Mental Health Clinic, Chonnam National University Hwasun Hospital, Hwasun, Korea.
Chonnam Med J. 2015 Apr;51(1):8-18. doi: 10.4068/cmj.2015.51.1.8. Epub 2015 Apr 14.
Depression is prevalent in patients with physical disorders, particularly in those with severe disorders such as cancer, stroke, and acute coronary syndrome. Depression has an adverse impact on the courses of these diseases that includes poor quality of life, more functional impairments, and a higher mortality rate. Patients with physical disorders are at higher risk of depression. This is particularly true for patients with genetic and epigenetic predictors, environmental vulnerabilities such as past depression, higher disability, and stressful life events. Such patients should be monitored closely. To appropriately manage depression in these patients, comprehensive and integrative care that includes antidepressant treatment (with considerations for adverse effects and drug interactions), treatment of the physical disorder, and collaborative care that consists of disease education, cognitive reframing, and modification of coping style should be provided.

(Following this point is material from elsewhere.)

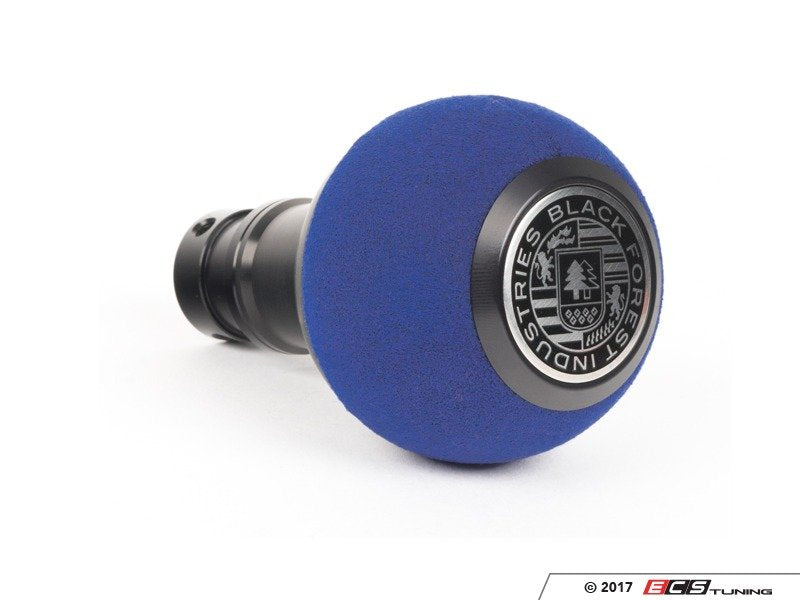 BFI Heavy Weight Shift Knob - Blue Alcantara / Black Anodized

The objective of the present review was to present and summarize the prevalence, risk factors, clinical correlates, current pathophysiological aspects including genetics, and treatments for depression comorbid with physical disorders. In particular, we tried to focus on severe physical disorders with high mortality rates, such as cancer, stroke, and acute coronary syndrome, which are highly comorbid with depression. This review will enhance our current understanding of the association between depression and serious medical conditions, which will allow clinicians to develop more advanced and personalized treatment options for these patients in routine clinical practice.

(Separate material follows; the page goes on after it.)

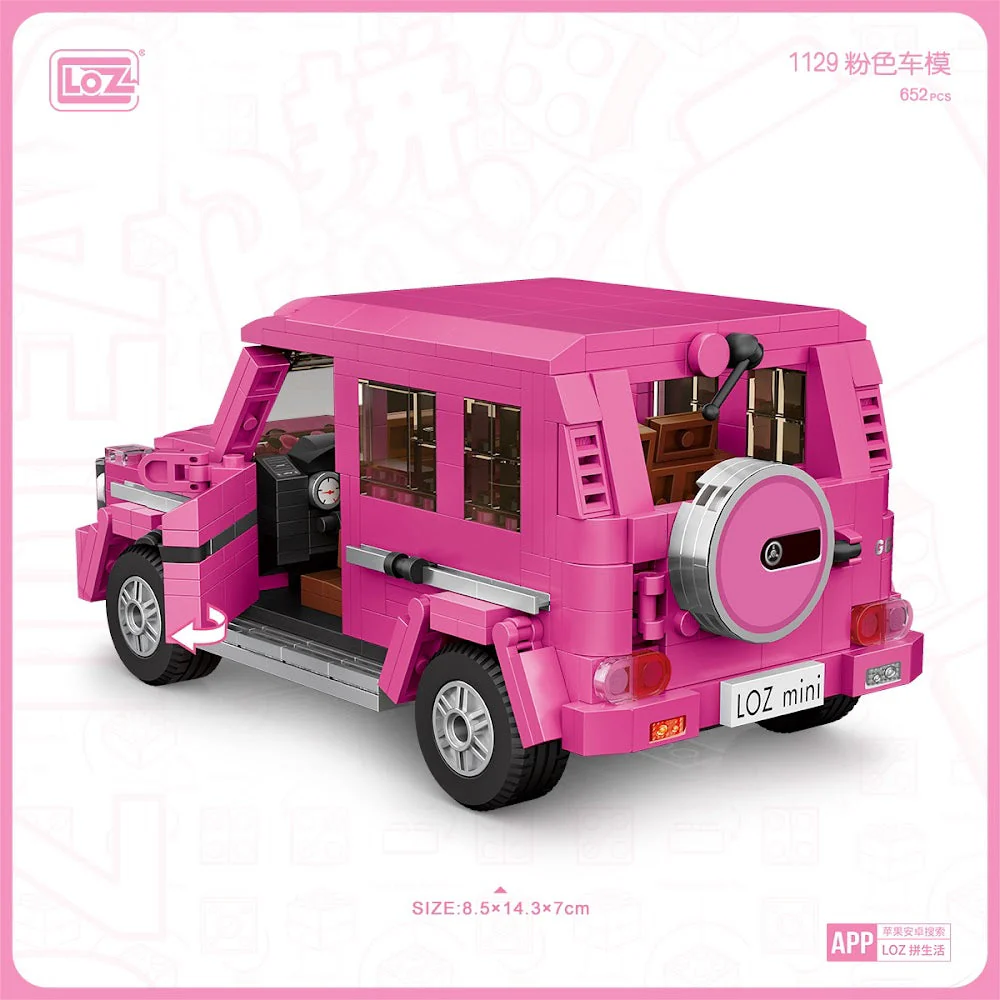 LOZ Mini 1129 Pink SUV - Image 2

抑郁症在患有躯体疾病的患者中很常见,尤其是在患有严重疾病的患者中,如癌症、中风和急性冠状动脉综合征。抑郁症会对这些疾病的病程产生不利影响,包括生活质量差、功能障碍更多以及死亡率更高。患有躯体疾病的患者患抑郁症的风险更高。对于具有遗传和表观遗传预测因素、环境易感性(如过去患过抑郁症、残疾程度较高和生活压力事件)的患者尤其如此。这类患者应密切监测。为了恰当地管理这些患者的抑郁症,应提供全面综合的护理,包括抗抑郁治疗(考虑不良反应和药物相互作用)、躯体疾病的治疗,以及由疾病教育、认知重构和应对方式调整组成的协作护理。本综述的目的是介绍和总结与躯体疾病共病的抑郁症的患病率、危险因素、临床相关性、当前的病理生理学方面(包括遗传学)以及治疗方法。特别是,我们试图关注死亡率高的严重躯体疾病,如癌症、中风和急性冠状动脉综合征,这些疾病与抑郁症高度共病。本综述将增进我们目前对抑郁症与严重医疗状况之间关联的理解,这将使临床医生能够在常规临床实践中为这些患者制定更先进和个性化的治疗方案。